The dictionary defines an adjuvant as an additive used to help or improve. This is exactly how spray adjuvants work; they help or improve some phase of spraying between initial spray mixing and final activity of the spray after application.
Spray adjuvants are management tools to help get the greatest return out of each spray dollar. Adjuvants can be good or bad, helpful or injurious, cheap or expensive, depending on the way they are selected and used.
The most expensive spray is the one that fails to accomplish the purpose for which it is applied. The problem may be wash-off, poor timing, poor application, using the wrong pesticide, etc., OR, it could be an adjuvant problem; using the wrong adjuvant, failing to use one when it is needed or using one when it is not appropriate.
A lot of confusion swirls around spray adjuvants because so few people understand them. From the manufacturers and the people writing the labels and spray recommendations, through the suppliers to the user and his hired sprayman, the confusion continues. We don’t even use a common terminology with which to discuss the subject, too often all spray adjuvants are just referred to as ‘spreader-sticker.’
Beware of the man who says, “They’re all alike,” or “The manufacturer puts everything in his product to make it work at it’s best,” or worse yet, “Use whatever you have.” What they are actually saying is, “I don’t know,” but won’t admit it.

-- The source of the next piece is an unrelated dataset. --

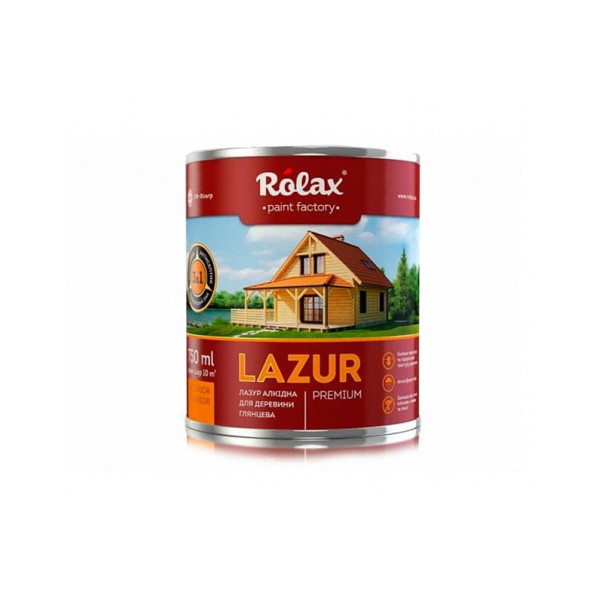 Лазур жовта 0,75л Ролакс 101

There are wide differences between adjuvants, even within the same class. Manufacturers try to make their products for best performance but cannot do so for all plants and all conditions. You need a spreader for spraying cabbage but not necessarily for grapes, apples or potatoes. You need a sticker if rain loss is a hazard, and so forth — more about that later.
It is a mystery why so many intelligent spray people sucker into buying a spray adjuvant from some housewife or farmhand from down the road; or whatever is on a bid. Too often it is a cleaning compound that may or may not be legal but has a spray adjuvant label written by some clown that knows nothing about sprays or spraying.
Labeling
The labeling of spray adjuvants is basically unregulated and there is little consistency from one label to another. The one regulation that applies uniformly across the country is that all chemicals to be sprayed into the environment, must be cleared by the EPA. Otherwise they cannot be used legally in pesticide sprays.

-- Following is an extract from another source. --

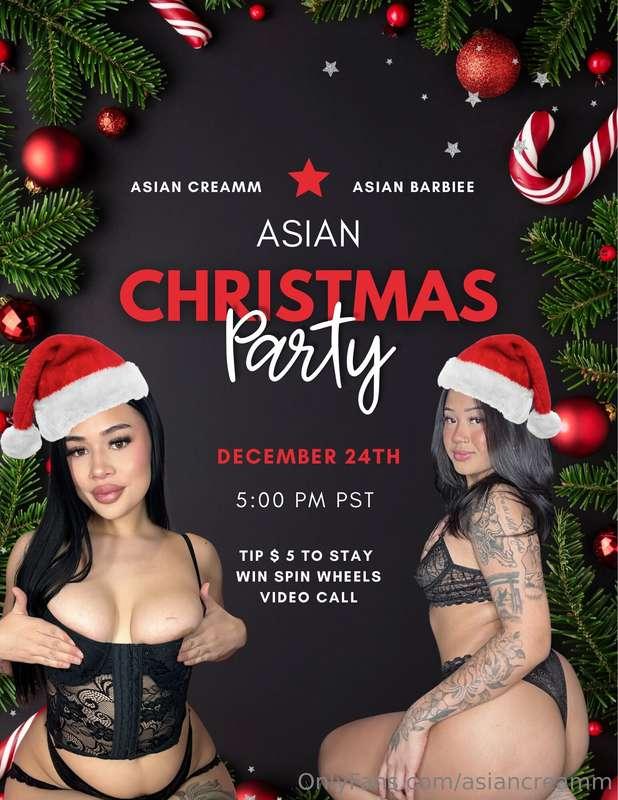 DOING MY FIRST LIVE WITH MY ASIAN BESTIE @asianbarbiee 🥹🪭🎄💦 ..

Too often spray adjuvant products are misnamed, either purposely or out of ignorance. Labels may or may not show the chemistry and level of activity but even so it is not understood by most users and may be stated in misleading ways or terms. Some labels, for instance, show the active ingredient without giving the percentage, or level of activity. Then on the next line state something like, “Ingredients ineffective as spray adjuvants....73.5%” Did you understand that as the level of active ingredient? Most folks do, but read it again, that’s the level of inert ingredients, stuff that won’t do you one bit of good.You get only 26.5% good stuff.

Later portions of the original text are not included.